High Schoolers Build Electric Car
With carmakers scrambling to meet President Obama's new standards for gas mileage and emissions, six North Central Florida high school students are ahead of the curve. The students built a street legal electric car, and the idea started with another four wheeled vehicle -- only a much smaller one.
The electric car was built by 6 Trenton High School students in the school's engineering academy, but they actually built a motorized skateboard first.
"Gas prices were about 4.15 a gallon and that's just ridiculous," said Trenton High Junior Jacob Wilson, "and we wanted to find a way to be able to commute and use transportation that's cheap and more efficient so it started with the skate board project."
After the skate board project proved to be a success, the students moved on to the car. It's powered by 10 batteries total, 8 for the traction system and 2 for the electronics, and it costs the equivalent of 88 cents per charge. Each charge is good for roughly 40 miles of driving at a top speed of about 60 miles per hour. With a 40 horse power motor that only uses about 12 of them, the project's supervisor says it's highly efficient.

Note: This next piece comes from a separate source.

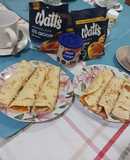 Panqueques con manjar, mermelada, y nueces (apto para diabéticos)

"As compared to the gasoline engine which is about 18 percent efficient," said Trenton High Director of Engineering Technology Don Barselou, "these electric motors that we're employing are anywhere between 85 and 97 percent efficient. There's no pollution, they burn clean."
If you think the 6 students that spent the last 6 months on the project are complacent, think again. They say there's plenty more work to do.
"Making the car more efficient," listed Wilson, "making it better. Make it go longer. Make it go faster. Start converting actual cars instead of outdoor vehicles, it's whatever."